Lord Ellpus wrote:Are you saying that these rules and regulations dont already exist in Britains own laws? Or Hollands? Or Germany's?
I'm saying they exist in all those countries - and they're all different.
Which made the "free movement of population for reasons of work and play" you were talking about, for example, hardly the 1-A4 type thing to arrange, because all those differences got (and get) in the way of facilitating it.
Basically, you hit the nail on the head. All those laws and rules already existed, "reams and reams" of it, and "harmonising" it all to create compatible regulations across borders that all those freely moving people and goods require, which is what a lot of the lengthy EU-negotiations and lawmaking is about, actually replaces or works around those old reams and reams.
One may object to unnecessary curves, detours and details thus incorporated in the
new reams and reams, but the rhetorical posturing about how its all just unnecessary extra bureaucracy thats imposed for no reason at all is a bit off. In fact, many of those curves and detours that lead to 500-page documents are
about individual national governments insisting on this and that specific national exception, preservation of this specificity and that particular bit of protectionism, etc. You cant have your cake (all kinds of national exceptions) and eat it (plain 2xA4 international agreements) too.
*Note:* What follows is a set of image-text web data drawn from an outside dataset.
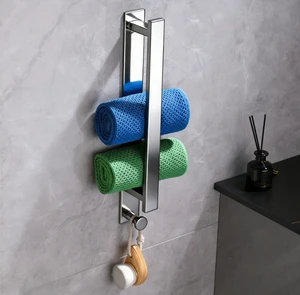 Custom 304 Stainless Steel Towel Rack No-Drill Wall Mount Brushed Towels Robes Hot Sale Self-Adhesive Towel Holder for Bathroom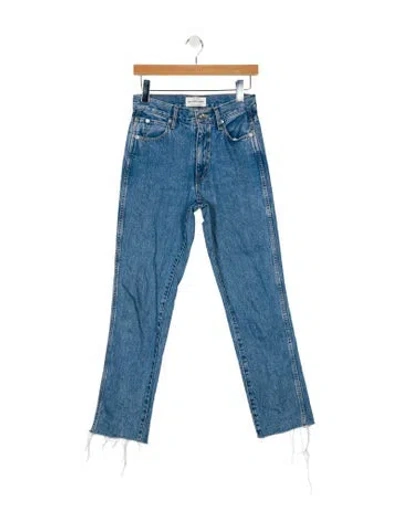 Pre-owned Slvrlake Mid-rise Straight Leg Jeans In Blue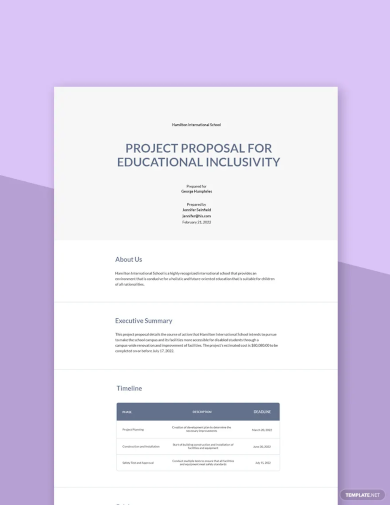 sample school project proposal template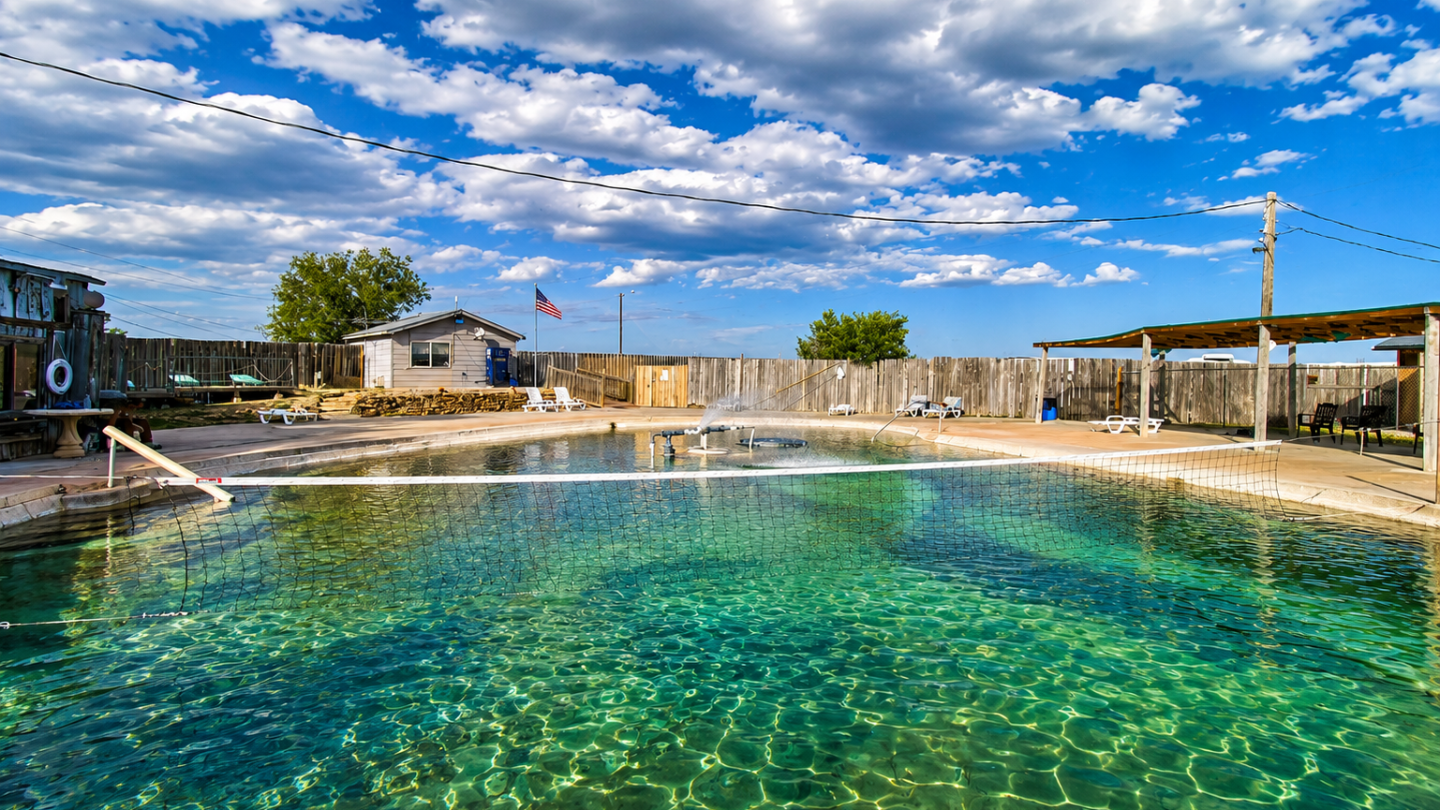 Outdoor swimming pool with a net, surrounded by fence, clear sky with clouds.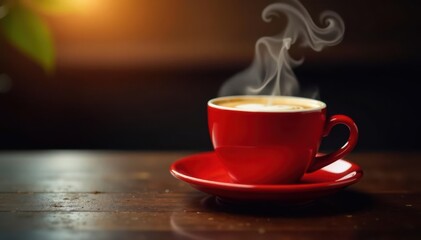 Rich espresso in vibrant red cups, steam rising , coffee, beverage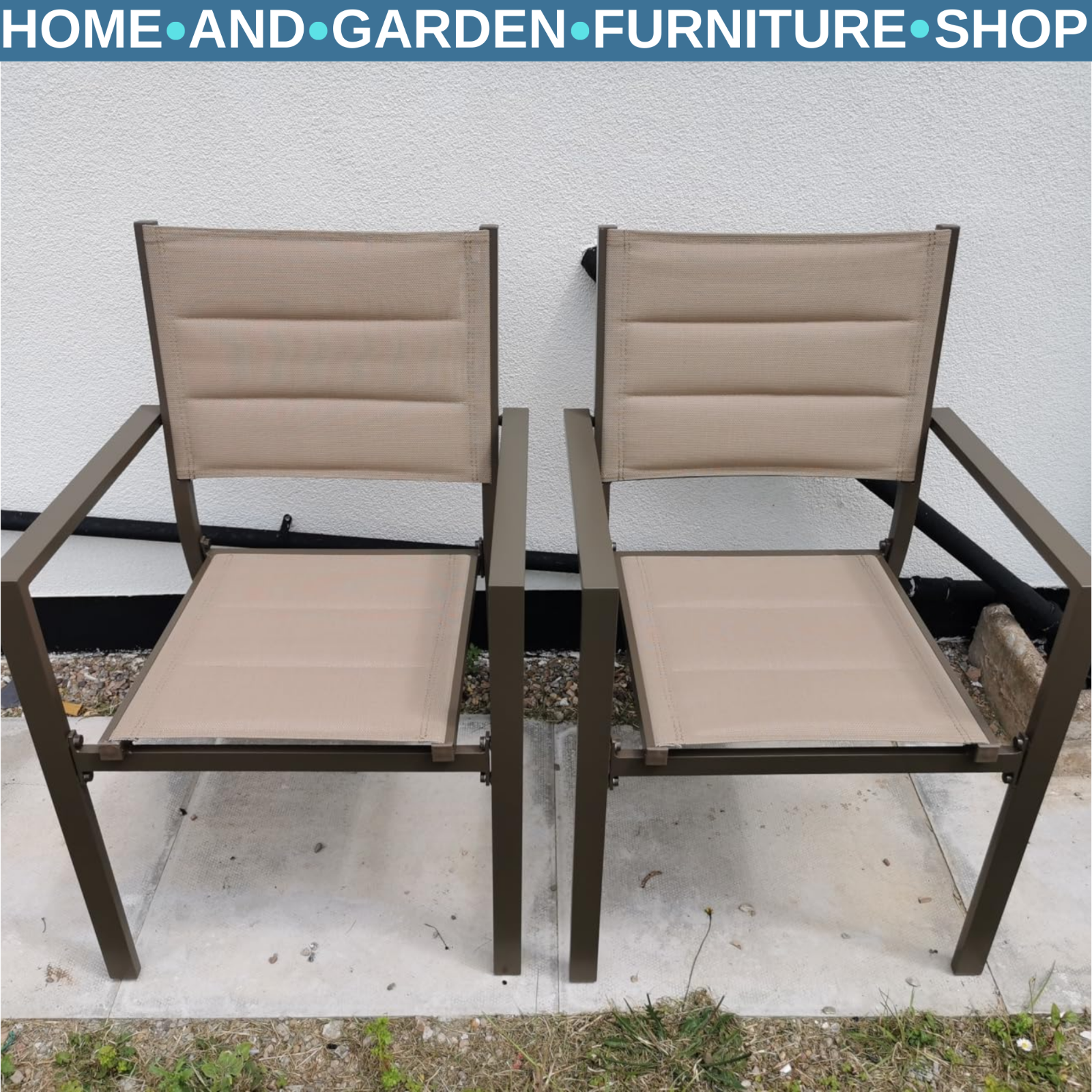 Set of 2 Aluminium Stacking Garden Chairs Patio Seating Lightweight and Durable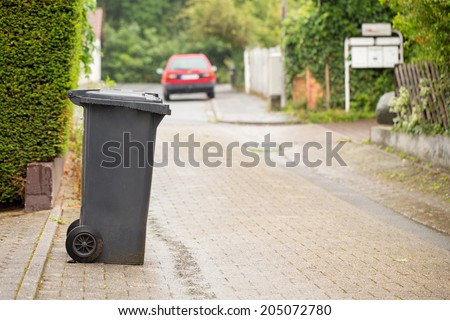 Garbage can symbolizing recycling in Germany Royalty-Free Stock Photo #205072780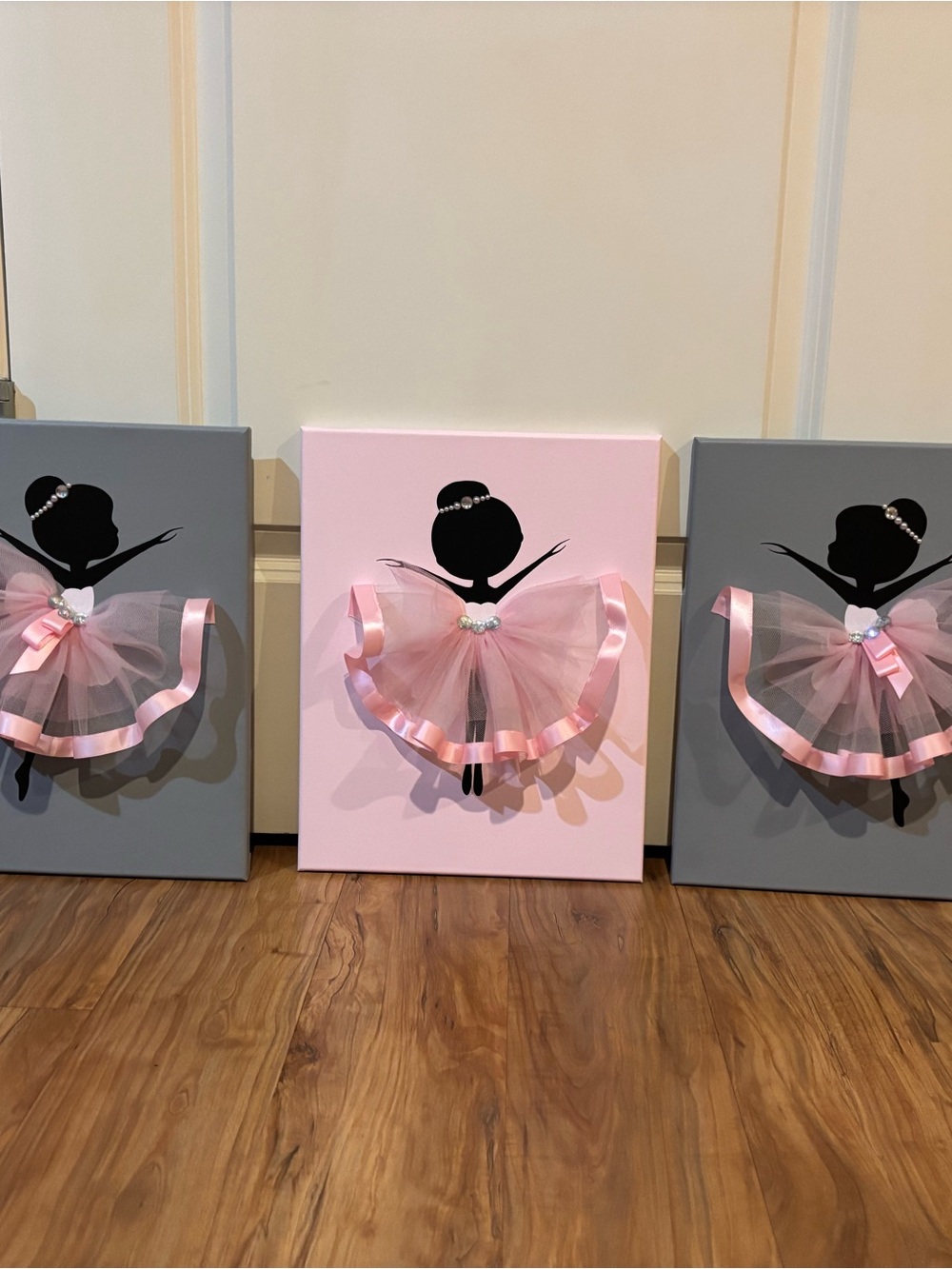 Pink Ballerina Tutu Canvas Wall Art - Girls Room Decor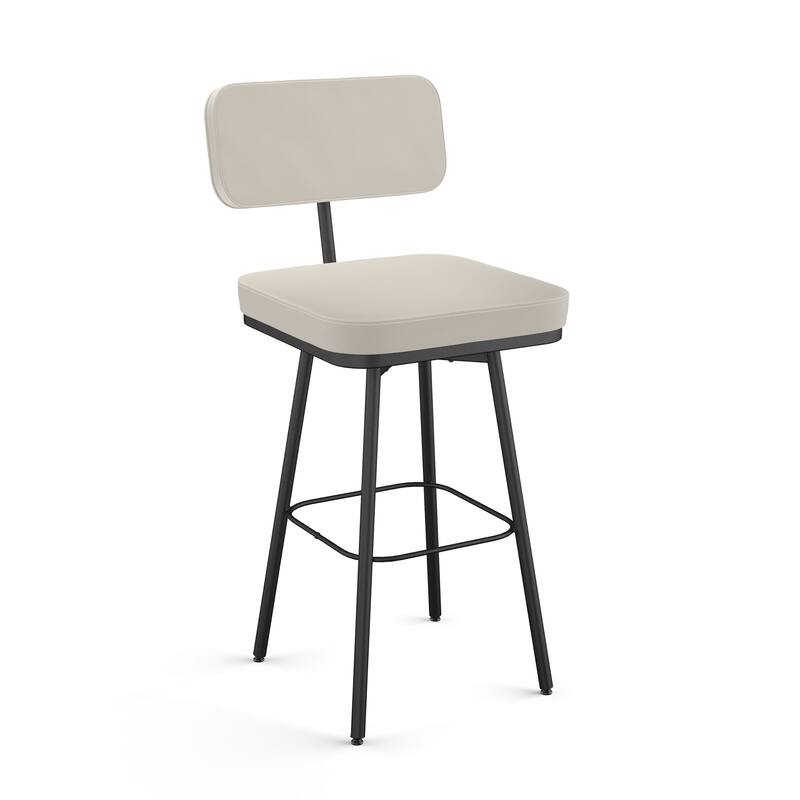 Amisco Tereza Swivel Counter and Bar Stool - Light Grey Faux Leather / Black Metal - Bar Height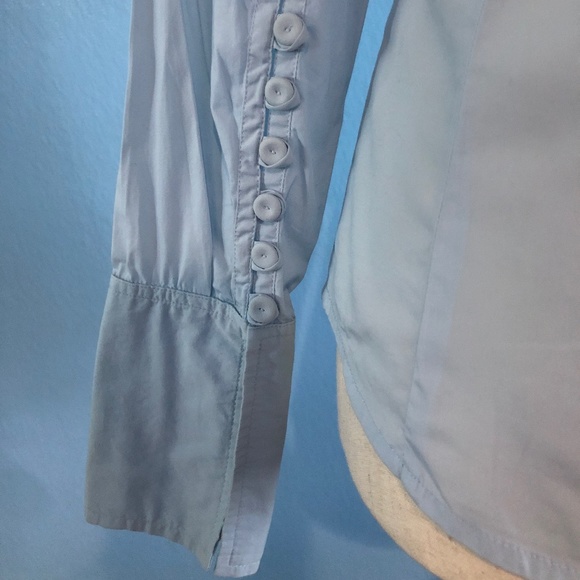 Powder Blue Button Down Shirt - Detailed Sleeves - Size Small - The Limited - Picture 3 of 4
Whether it should all have been incorporated
in the Constitution is a different question, but the suggestion that its all unnecessary in the first place is populist nonsense.
Quote:2. EU members can retire where they like within the EU at the moment, cant they? How would a Constitution change this?
Not the
Constitution - but again, in the
post I was responding to, you had come to talk about the whole kaboozle, the whole development of the EU since that referendum in the 70s. How it was all just unnecessary reams and reams of regulations when what was all so difficult about just arranging the free movement of populations for work and play? That's what I was answering to. You try harmonising 15 or 25 different national lawbooks when it comes to the whole who-gets-a-permit-for-what-how-and-where thing.
(And though Thomas's minimalist take - just cut all of it out of all those lawbooks - is laudably ideologically consistent, it is also perfectly abstract pie-in-the-sky for an EU that
does, in its actual real-life daily work, have the wishes and insecurities of 25 national governments to deal with).
Quote:3. Why put the idea of not having to change money when going on holiday as a benefit, when that same communal currency forces a member Country to hold their own particular interest rates at a level set by the EU, irrespective of that Member Country's economic plight? I see the disadvantage of not being able to curb inflation, or boost the economy as far more serious than spending half an hour in a Bureau de Change.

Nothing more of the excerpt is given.